Don't be that surprised, though, because these Devil Rays can hit.
Despite striking out 10 in seven innings, including five of the last six batters he faced, Santana (2-1) lost at home for the first time since Aug. 1, 2005.
He was 17-0 during that stretch, and the Twins won all 24 games their two-time Cy Young Award winner pitched -- one short of the major league record set in 1890-91 by Louisville with Scott Stratton, according to the Elias Sports Bureau.
"If it's over, it's over," Santana said. "Then we'll start another one. It's that simple."
He gave up six hits, four runs and one walk, which came in a three-run fifth by the Devil Rays -- who erased a 10-game losing streak at Minnesota. This was their first victory here since June 3, 2004, when Santana was also the victim.
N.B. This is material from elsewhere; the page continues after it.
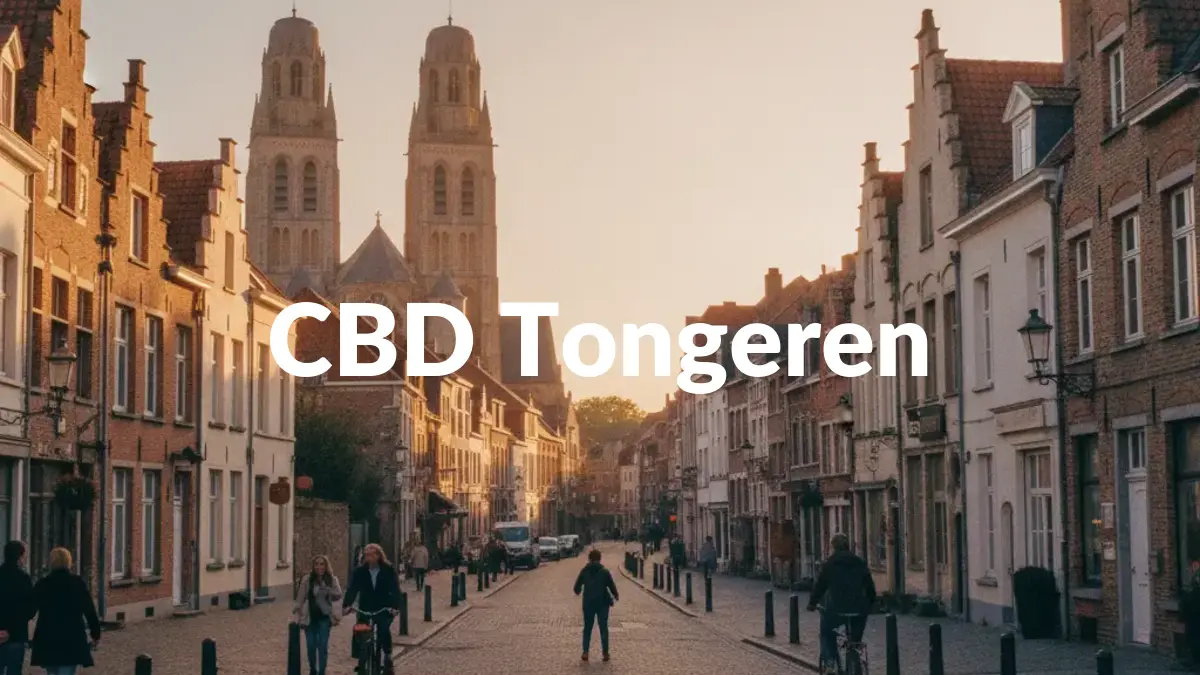 CBD Tongeren - Acheter du CBD à Tongeren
Kazmir (1-1) doesn't quite have the resume Santana has, but he's a young All-Star left-hander himself with plenty of promise. Still, he appeared in awe of his accomplishment.
"I'm up for the challenge," he said, smiling and shaking his head. "I always am. Just being alongside Santana is nice company."
Luis O. Rodriguez's RBI single in the second inning and Justin Morneau's upper-deck homer in the sixth were the only runs given up by Kazmir, who surrendered six hits without a walk and struck out six. He won for the first time in four career starts against the Twins.
"I don't look at our offense in a bad way against that kid," Minnesota manager Ron Gardenhire said.
Al Reyes worked the ninth for his third save in as many attempts, allowing a one-out double to Morneau but nothing else.
Tampa Bay, which leads the majors with 16 homers, also matched a team record by hitting a home run in 10 straight games -- first done from Sept. 18-28, 2000.
Crawford's big hit came at the start of the sixth, meaning it was all right to keep his head down. Left fielder Josh Rabe played the slicing line drive awkwardly, failing to run fast enough to make a backhanded catch. The ball bounced in front of him, rolled to the wall and stopped, allowing Crawford -- one of the quickest players in the majors -- to run around the bases and score standing up.
"When I saw the ball get past him, I knew I was going to at least try for it," he said. "They made fun of me running through the sign, and I was going to run through the sign again."
In Thursday night's game, Crawford was embarrassed while trying to get a triple that caused a ninth-inning double play in a 3-2 win by the Twins. He didn't look up to see that Ben Zobrist was already on third base, and then he retreated to second and got tagged out there.
Manager Joe Maddon was happy with the way his young outfielder bounced back from that.
"That speaks to the resiliency of our boys right now," he said.
Josh Paul singled in Young, and then B.J. Upton's high chop drove in Iwamura. Santana charged off the mound and gloved the ball, but he leaped like a basketball player and unsuccessfully tried to swat it toward the plate as Iwamura scored easily.
"It happens sometimes. You're going to have a bad inning," Santana said, later adding: "You've just got to focus on your next start and give your team a chance to win the next game."
- Referencing Crawford's mistakes from the day before, Maddon joked that he wasn't worried about any negatively superstitious effects on his team on Friday the 13th. "We've had many of those," he said.
- Morneau was given his 2006 AL Most Valuable Player award in a brief ceremony conducted before the game that included Hall of Famer Harmon Killebrew, one of four Twins who have been an MVP.
- The 28-year-old rookie Iwamura, who was playing previously in his native Japan, failed to get a hit for the first time in his 10-game career. He walked twice, though.
- For Minnesota, Luis Castillo (0-for-15) and Jason Bartlett (0-for-14) ended hitless streaks.